Thursday, July 28, 2011

Life in the Very Fast Lane


Notwithstanding some of the worst pollution problems of any country on earth, China is moving at warp speed to modernize its economy and infrastructure, spending at a level that the world has never seen before. This need to “get there fast” may well be born of Chinese history. Until the 1800s, China pretty much saw itself as the biggest superpower for the last two millennia. The word for China in Chinese means “Middle Kingdom,” but it really translates into the “center of the earth without rival anywhere else.”

In the early 15th century, the Ming Dynasty Emperor Zhu Di (also known as the Yongle Emperor and pictured above) exemplified the power and reach of the Middle Kingdom. His treasure fleets, consisting of hundreds of ships, each holding as many as 500 men in the first boats with water-tight compartments (making them very hard to sink), sailed the earth looking for “tribute,” wealth easily extracted from local leaders who did not want a confrontation with this obviously superior naval force. While his efforts explored Africa, the India and the rest of Asia, he made no effort farther west. He noted that aside from some interesting religious experiments, the people living from the Middle East and into Europe were just too barbaric with little to offer.

In fact, China did not even receive ambassadors from other countries until the late 19th century (after the Opium Wars where they came up on the short end of the stick), because that would have implied that other countries were the equal of China. They only accepted tribute ambassadors, bringing gifts to the emperor. The underlying arrogance is deeply embedded in the Chinese psyche, and in many ways China really did have the most powerful nation on earth for centuries.

The degradation of China really began with modern and very successful Western military attacks on coastal Chinese ports in the middle of the 19th century (the Opium Wars, where the West forced China to accept the drug as a trade good to balance England’s massive trade deficit from the tea market). Attempts to reassert Chinese power, like the failed Boxer rebellion at the turn of the century aimed at ousting Westerners, were literally the nails in the coffin. The Manchurian Dynasty (Q’ing), the last such political structure to rule China unraveled in the late 19th century, collapsing in its entirety in 1911.

The subsequent battles with war lords, the Japanese invasion before and during WWII and the crushing repression of Maoist China left China a sad comparison to the obviously superior lifestyles and military power of the West, particularly the United States. If the Chinese were truly the most powerful and relevant nation on earth, Chinese wondered, how could this happen? So when China modernized after Mao was gone, the feeling in every Chinese soul was to recapture the glory of the past and ascend to the perceived pinnacle of humanity that was believed to be China’s birthright. Chinese believe that there is nothing that the West can do that China cannot do better, cheaper and more efficiently. Nothing. Understanding this underlying feeling is essential in understanding modern China and Sino-American relations.

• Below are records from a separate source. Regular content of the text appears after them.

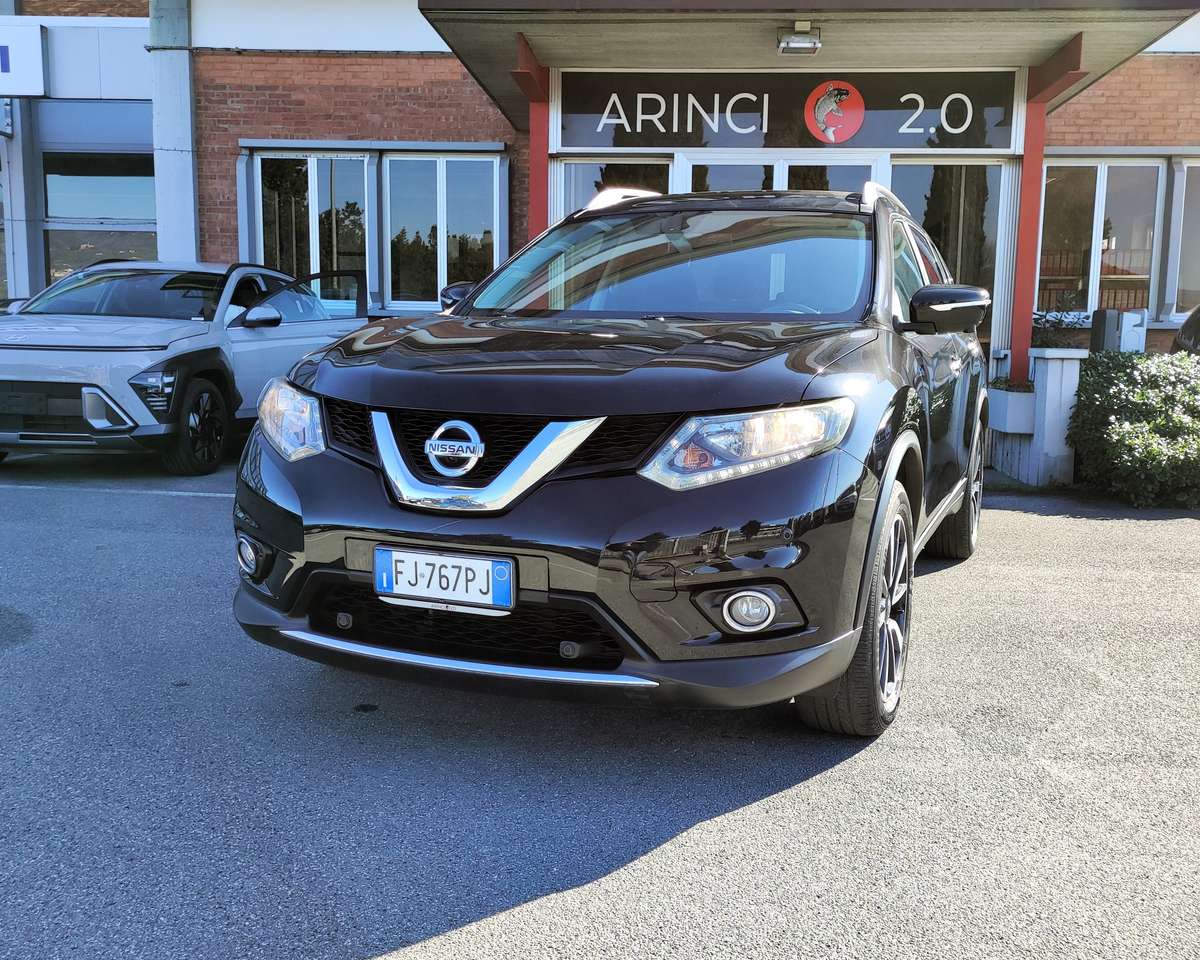 Nissan X-Trail X-Trail 1.6 dci Acenta Premium 4wd E6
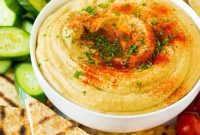 The Only Hummus Recipe Youll Ever Need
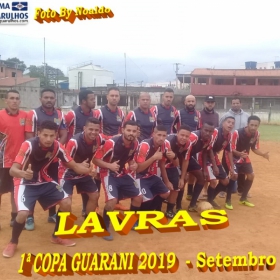 COPA GUARANI 2019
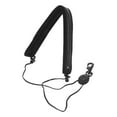 thumbnail image 6 of WHAMVOX  Neck Strap for Alto Saxophone Musical Instrument Straps Black, 6 of 7
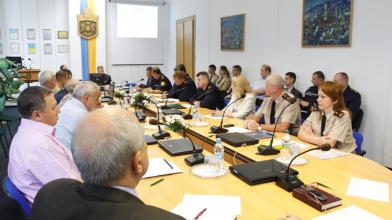 Вчена рада: ухвалено до видання збірники наукових праць, вручено диплом кандидата наук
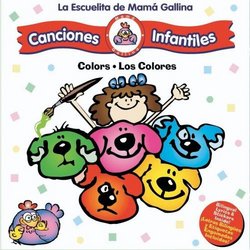 La Escuelita De Mamá Gallina - Los Colores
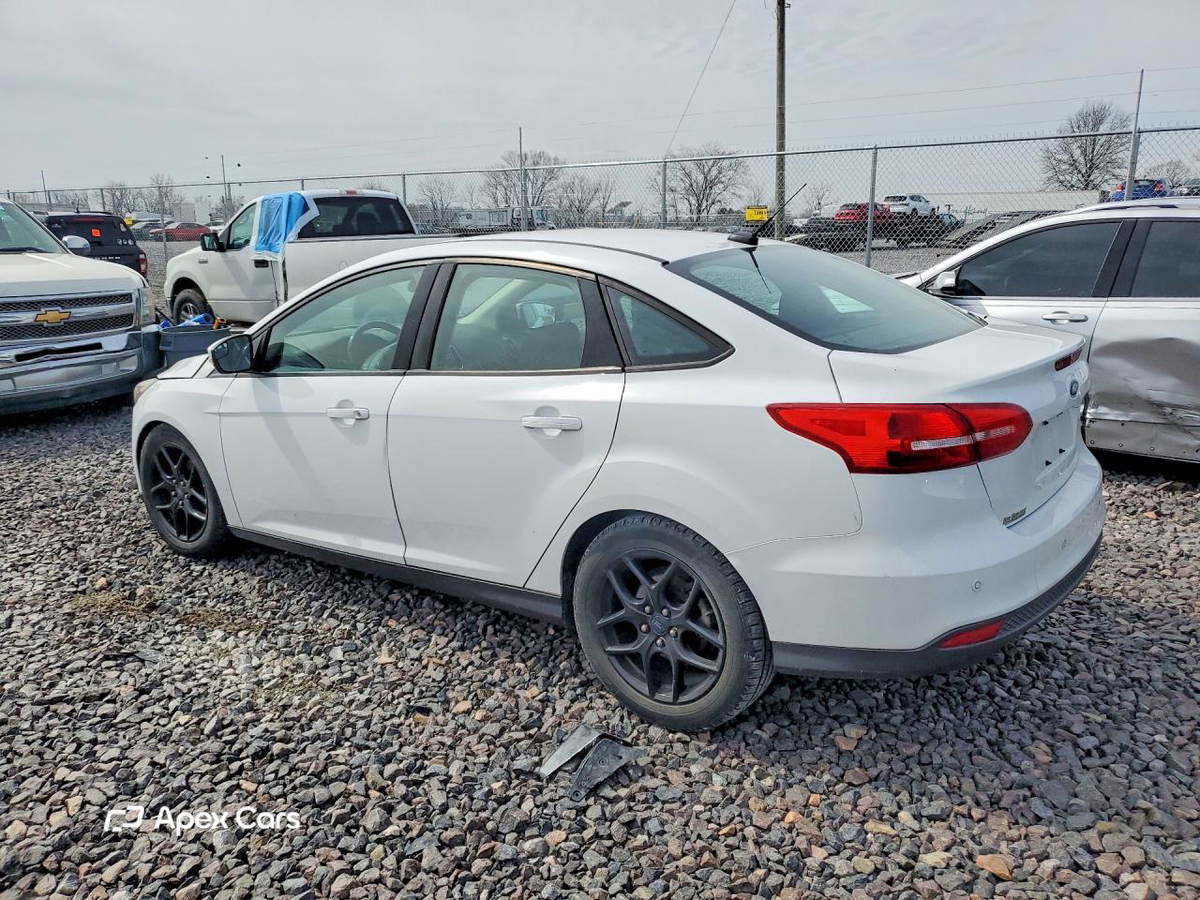 Ford Focus 2016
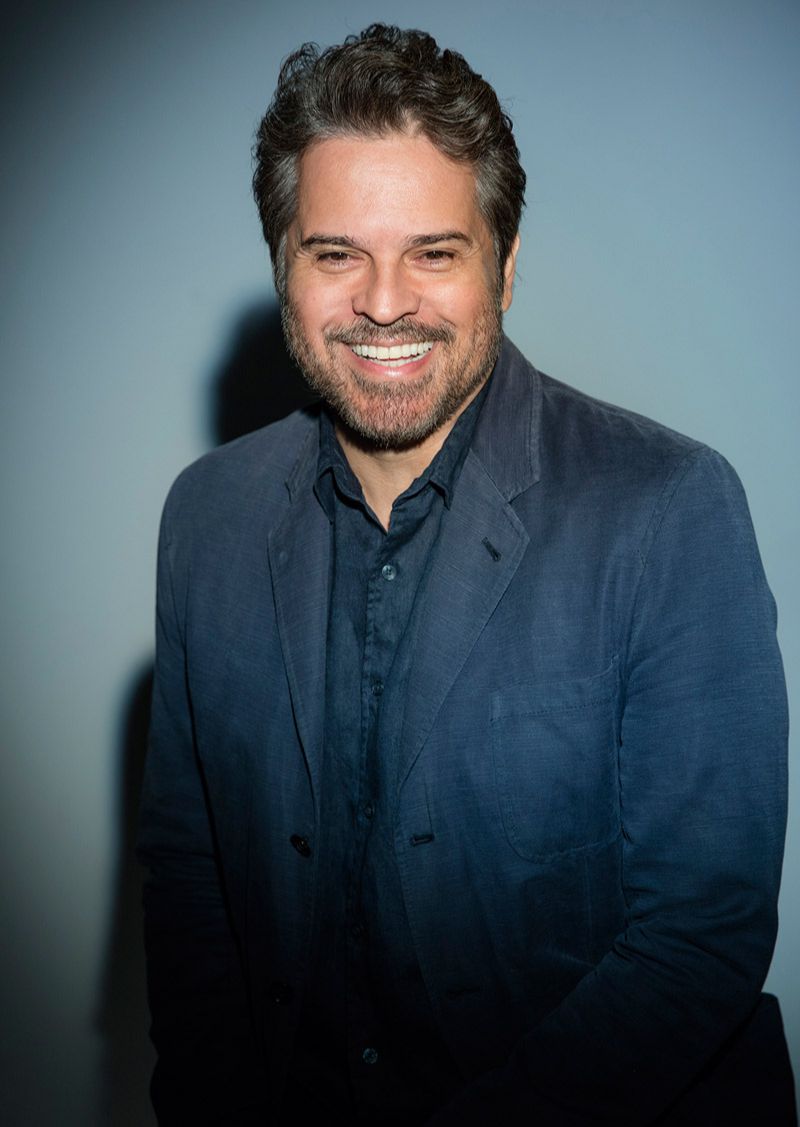 Juan Alba (Foto: (Crédito Ângelo Pastorello))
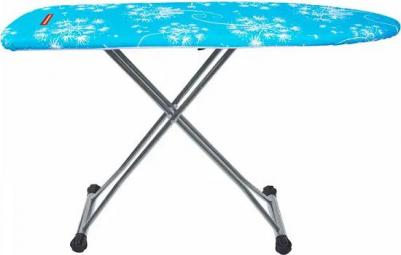 Гладильная доска Light Board, 140х42 см, серый/голубой – фото 1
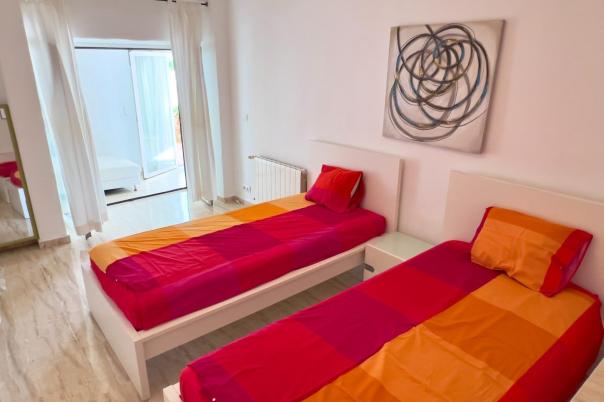 5 bed villa in Moraira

It is also basic to understanding why Chinese leaders believe that their mandate is to reconstruct China to its past glory as quickly as possible. We’ve seen how the economic miracle had radically altered the Middle Kingdom, but even with trillions of dollars in currency reserves, China’s infrastructure ambitions are biting off such massive costs – and concomitant debts – that many economists are worried that China is expanding too fast, that there is a very big bubble waiting to burst that would shake the rest of the world with an economic tsunami. That much of this effort is municipal, where finances are not subject to the same level of international scrutiny, is particularly worrisome to some of these global economists.

The level of such infrastructure construction is staggering: “As municipal projects play out across China, spending on so-called fixed-asset investment — a crucial measure of building that is heavily weighted toward government and real estate projects — is now equal to nearly 70 percent of the nation’s gross domestic product. It is a ratio that no other large nation has approached in modern times… Even Japan, at the peak of its building boom in the 1980s, reached only about 35 percent, and the figure has hovered around 20 percent for decades in the United States… China’s high number helps explain its meteoric material rise. But it could also signal a dangerous dependence on government infrastructure spending.” New York Times, July 6th.

To put this level of expenditure in perspective, the Times examined the level of activity of a mid-China industrial town (on the Yangtze River), Wuhan, the ninth largest city in the country: “In the seven years it will take New York City to build a two-mile leg of its long-awaited Second Avenue subway line, this city of nine million people in central China plans to complete an entirely new subway system, with nearly 140 miles of track… And the Wuhan Metro is only one piece o f a $120 billion municipal master plan that includes two new airport terminals, a new financial district, a cultural district and a riverfront promenade with an office tower half again as high as the Empire State Building.”

China consumes about 23% of the world’s energy (the U.S. about 19%) with parallel consumption of commodities across the board. Her impact on global prices, currently massive, continues to grow. Her economy will soon pass that of the United States. When China sneezes, the rest of the world comes down with pneumonia. Remember when they said that about us?

I’m Peter Dekom, and understanding feelings thousands of miles away is essential for Americans to plan their own future.